§ **Your instructions**
Please print every record below exactly as it appears.

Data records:
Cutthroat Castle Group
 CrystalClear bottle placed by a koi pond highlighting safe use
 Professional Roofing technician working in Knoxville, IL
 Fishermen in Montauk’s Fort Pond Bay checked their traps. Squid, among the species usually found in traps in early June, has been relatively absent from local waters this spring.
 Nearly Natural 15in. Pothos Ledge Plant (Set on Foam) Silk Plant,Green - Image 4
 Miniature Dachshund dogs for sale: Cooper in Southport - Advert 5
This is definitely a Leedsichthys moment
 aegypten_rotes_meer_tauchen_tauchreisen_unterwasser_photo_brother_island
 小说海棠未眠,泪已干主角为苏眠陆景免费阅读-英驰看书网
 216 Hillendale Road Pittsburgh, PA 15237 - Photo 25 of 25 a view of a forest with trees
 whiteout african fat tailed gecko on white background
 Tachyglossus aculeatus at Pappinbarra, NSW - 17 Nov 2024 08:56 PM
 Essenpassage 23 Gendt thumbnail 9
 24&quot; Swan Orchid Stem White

§ **Exercise solution**
Cutthroat Castle Group
 CrystalClear bottle placed by a koi pond highlighting safe use
 Professional Roofing technician working in Knoxville, IL
 Fishermen in Montauk’s Fort Pond Bay checked their traps. Squid, among the species usually found in traps in early June, has been relatively absent from local waters this spring.
 Nearly Natural 15in. Pothos Ledge Plant (Set on Foam) Silk Plant,Green - Image 4
 Miniature Dachshund dogs for sale: Cooper in Southport - Advert 5
This is definitely a Leedsichthys moment
 aegypten_rotes_meer_tauchen_tauchreisen_unterwasser_photo_brother_island
 小说海棠未眠,泪已干主角为苏眠陆景免费阅读-英驰看书网
 216 Hillendale Road Pittsburgh, PA 15237 - Photo 25 of 25 a view of a forest with trees
 whiteout african fat tailed gecko on white background
 Tachyglossus aculeatus at Pappinbarra, NSW - 17 Nov 2024 08:56 PM
 Essenpassage 23 Gendt thumbnail 9
 24&quot; Swan Orchid Stem White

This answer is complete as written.